TensorFlow is a highly popular deep learning framework that is greatly accelerated when running on GPUs, which is frequently used in conjunction with Jupyter notebooks.

In this simple example, an instance of TensorFlow with Jupyter is deployed to CoreWeave Cloud and exposed to the public Internet using Kubernetes.

Prerequisites

This tutorial presumes that you have...

important

Please note that this tutorial is for demonstration purposes only, and should not be used in production due to the lack of HTTPS encryption on the Jupyter service.

Tutorial source code

To follow along with this tutorial, first clone the manifests from GitHub.

Manifests

The tensorflow-jupyter directory contains three YAML files, each of which are manifests used to deploy a different piece of this example.

FilenameDescription
tensorflow-deployment.yamlDefines the Deployment, which dictates how the TensorFlow with Jupyter Pods will be created
tensorflow-service.yamlDefines the Service, which handles networking and public publishing
jupyter-pvc.yamlDefines the PersistentVolumeClaim used for Jupyter notebook storage

The Deployment manifest

In this example, a Kubernetes Deployment manifest is used to deploy a single instance of TensorFlow with Jupyter notebooks.

note

Pods defined in the same Deployment manifest may be scheduled either on the same node, or on multiple nodes — where Pods are scheduled ultimately depends on node resource availability. If co-location of Pods is required for some reason, e.g. shared ephemeral or block storage, this can be controlled with affinity rules.

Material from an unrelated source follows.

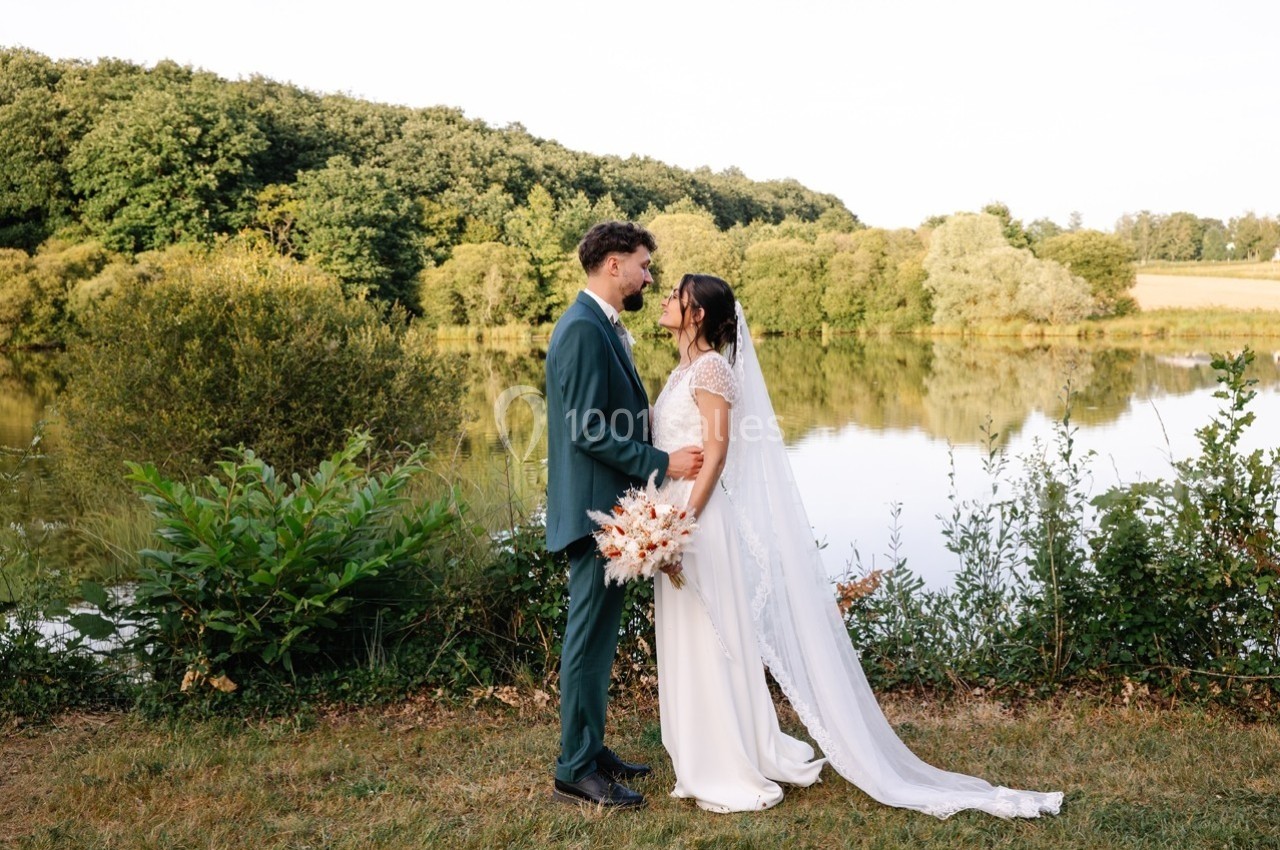 Un couple en tenue de mariage se tient face à face près d'un lac entouré de verdure.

This example Deployment manifest does not showcase all possible node affinity rules; those shown are included purely for demonstration purposes. The entire affinity stanza may be removed from this example Deployment without breaking the example.

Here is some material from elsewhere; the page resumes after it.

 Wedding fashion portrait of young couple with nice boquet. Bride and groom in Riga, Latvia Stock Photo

Learn more about scheduling Pods, or see a more advanced Deployment example in Custom Containers.

Replicas

This example Deployment manifest dictates to CoreWeave Cloud's Kubernetes control plane to ensure that there will only ever be one Pod running TensorFlow with Jupyter at all times. This single instance is defined via the spec.replicas: 1 key-value pair in the manifest.

apiVersion: apps/v1
kind: Deployment
metadata:
name: tensorflow-jupyter
spec:
strategy:
type: Recreate
# Replicas controls the number of instances of the Pod to maintain running at all times
replicas: 1

Resources

The control plane is also in charge of reserving GPU, CPU and memory resources on CoreWeave compute nodes, on which Pods run. Each instance of Jupyter, running inside a Kubernetes Pod, is allocated 2 GPUs, as defined by the spec.resources.limits.nvidia.com/gpu: 2 pair seen below.

resources:
requests:
cpu: 500m # The CPU unit is mili-cores. 500m is 0.5 cores
memory: 256Mi
limits:
cpu: 2000m
memory: 2048Mi
# GPUs can only be allocated as a limit, which both reserves and limits the number of GPUs the Pod will have access to
# Making individual Pods resource light is advantageous for bin-packing. In the case of Jupyter, we stick to two GPUs for
# demonstration purposes
nvidia.com/gpu: 2
Additional Resources

To learn more about requests and limits in Kubernetes, refer to the official Kubernetes documentation.

The Service manifest

In Kubernetes, networking traffic is handled via Services, which are typically defined by their own manifests. In this example, a single Service is defined in the Service manifest tensorflow-service.yaml, which allows the Deployment to be published to the public Internet.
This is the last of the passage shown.